Let me be clear right off: This 2-post series is mostly whimsical.  I’m going to indulge my imaginative side. But I’ll interweave some fascinating California (my home state) events with important thinking from a spiritual perspective.  Since I have more new readers recently, first, my spiritual “location”:

I’m a somewhat begrudging “member” of institutional Christianity… of a very progressive sort (having been more traditional/conservative about 45 of my 67 years).  I almost identify more with the “spiritual but not religious” sentiment.  But I know well the positive power of the Christian tradition and of faith communities so I am involved in one.  It is part of the United Church of Christ (Congregational… a progressive branch of a line of churches going way back to the independence-minded folks of America’s founding, who’d departed from the Anglican fellowship and sought “congregational” governance rather than a church hierarchy).

Now, as to a “Nation of California”, with Brexit underway, why not Calexit? Yes, that’s already a term… I’m not inventing it!  A good number of Californians are serious about seeing if California can become its own nation.  I clearly am biased, but just on the merits of being a potentially good nation and neighbor to the remaining 49 states of America and the rest of the world, I think we can and perhaps should imagine prospects and explore the idea. (Not that I’m actually for it, at least at this point, nor do I think Californians are likely to be! But the way things have been lately, that could change.)

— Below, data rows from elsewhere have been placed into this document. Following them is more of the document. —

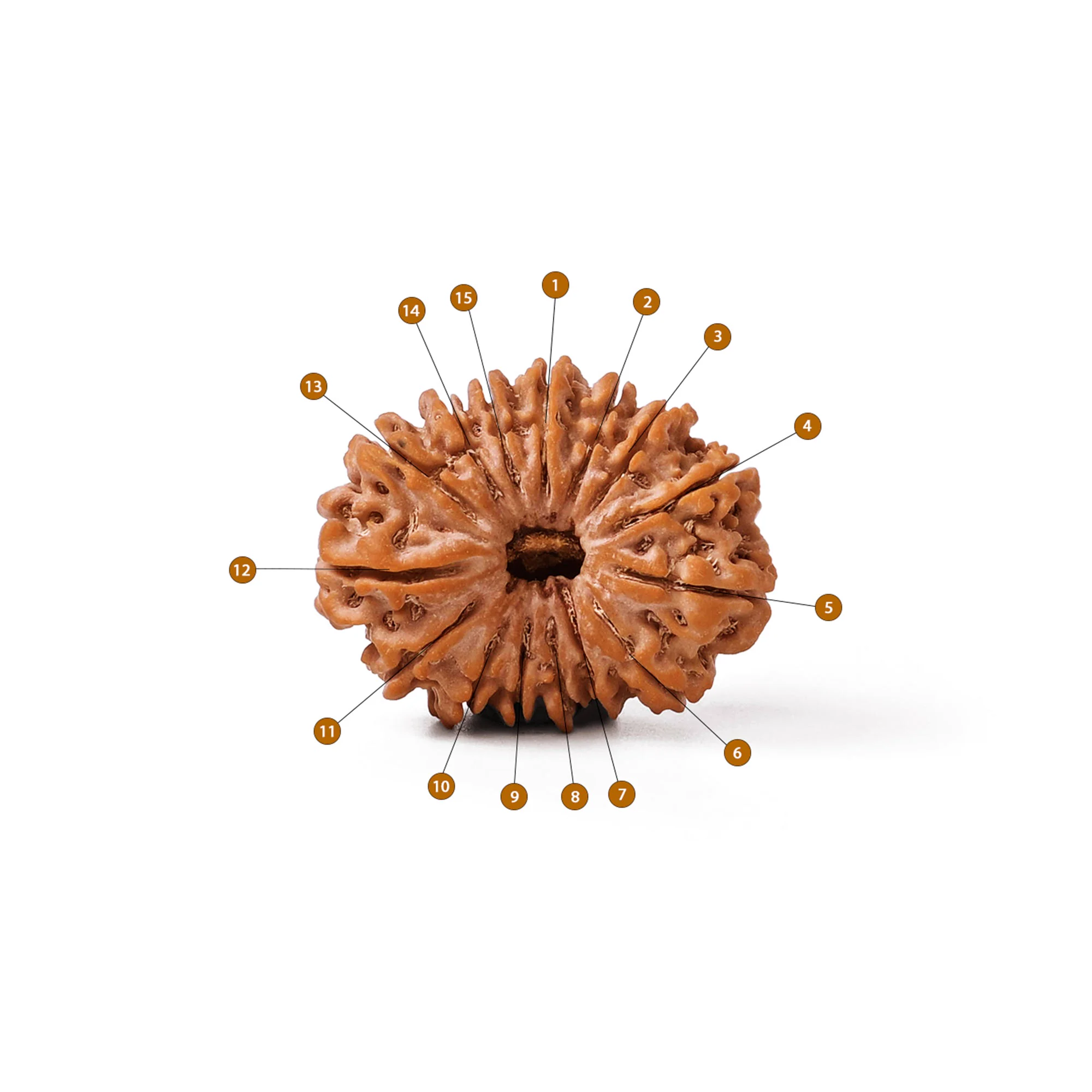 15 Mukhi Rudraksha – Original Nepali Collector Bead — Nepal photo 3
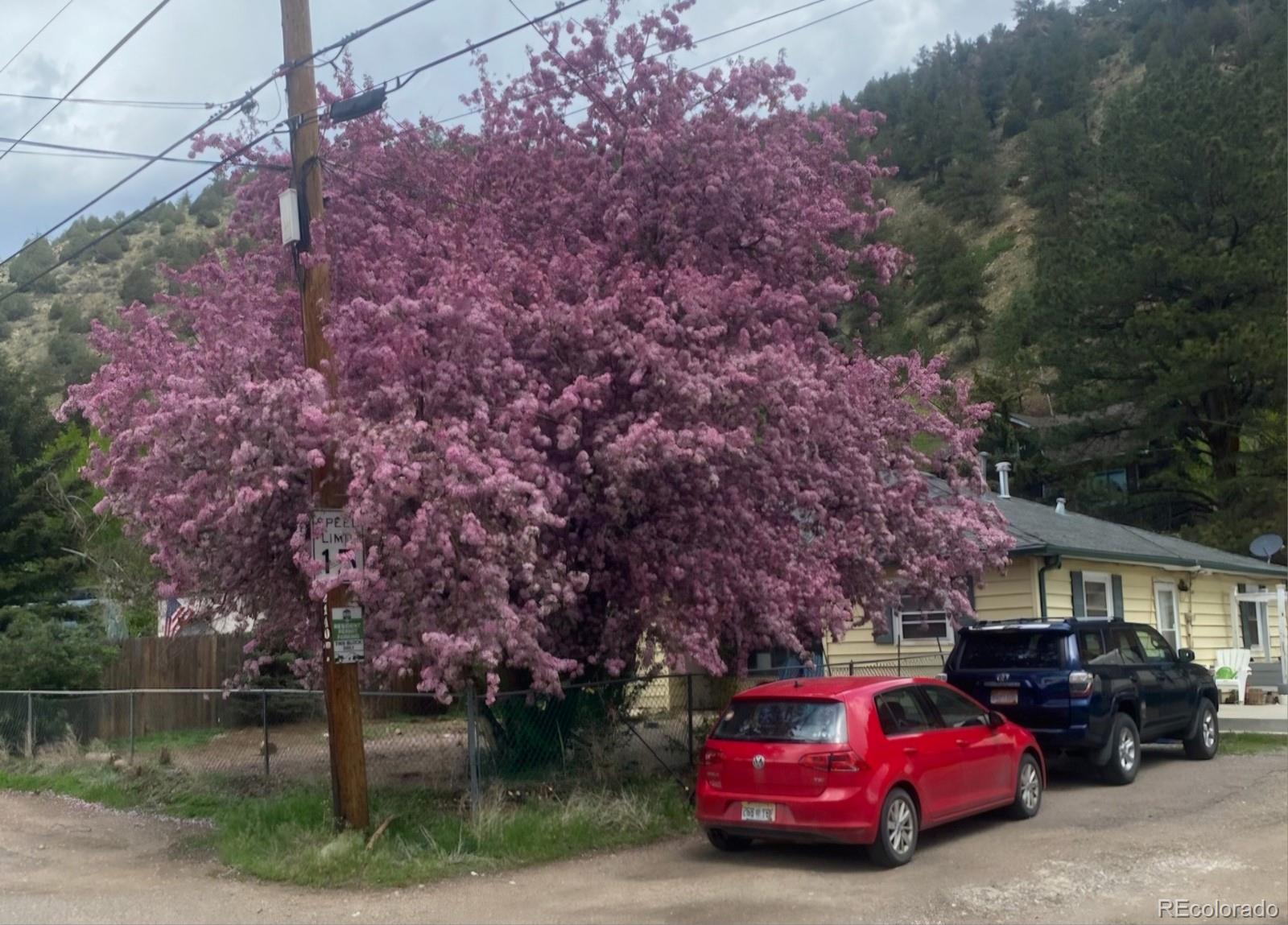 MLS Image #27 for 2136  virginia street,idaho springs, Colorado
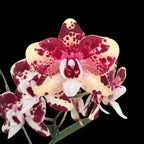 Phalaenopsis Itou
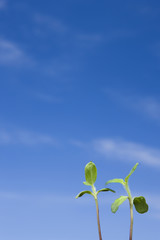 青空とヒマワリの新芽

A couple more facts: There indeed is a fully legal and peaceful effort to place a referendum on the 2018 California state-wide ballot.  Supporters hope that could lead to actual steps to secede from the US and become a separate nation.  Needing under 600,000 signatures to get on the ballot, out of over 18 million voters, this is feasible. It appears even likely. And polling shows roughly 32 percent support for at least the concept of Calexit. Of course polling this far removed means very little.

Also, support for a referendum on the ballot is far from the same as support for even an attempt at secession.  I will note that the uncertainties and complexities of a possible split are massive.  For example, there is lack of clarity on the constitutionality of the move, as far as I know.  But, in a sad and disturbing US political environment, let’s play a little with the idea.  I’d suggest it can be a potentially helpful “thought experiment”.  And provide some entertaining diversion when the more real-and-present dangers get us down.  And I’ll have some fun introducing non-Californians, and those who’ve not been so lucky as to spend some time here, to my state.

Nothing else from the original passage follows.